*** Opening of Information ***

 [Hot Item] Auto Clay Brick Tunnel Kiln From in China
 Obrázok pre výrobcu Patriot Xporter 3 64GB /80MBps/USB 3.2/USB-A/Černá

*** Close of Information ***
*** Opening of Information ***

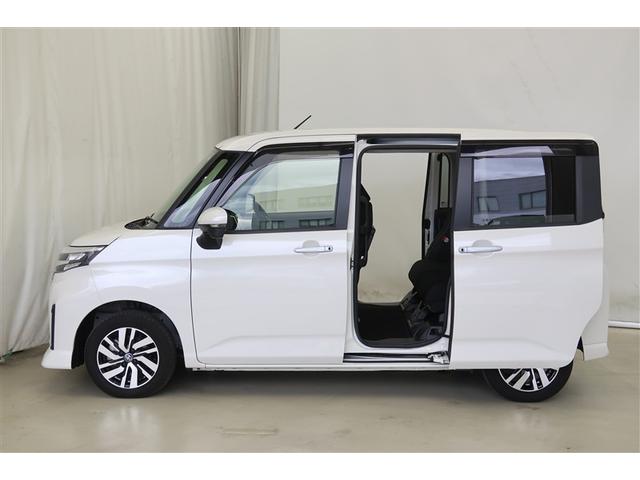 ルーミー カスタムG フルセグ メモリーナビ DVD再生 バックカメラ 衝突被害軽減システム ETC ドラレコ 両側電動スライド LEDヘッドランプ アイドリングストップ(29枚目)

*** Close of Information ***

Work to be completed: Using the data above, extract exactly the lines from the one that holds "[Hot Item] Auto" to the one that holds "Obrázok pre výrobcu", both ends included, and no others.

Completed task:
 [Hot Item] Auto Clay Brick Tunnel Kiln From in China
 Obrázok pre výrobcu Patriot Xporter 3 64GB /80MBps/USB 3.2/USB-A/Černá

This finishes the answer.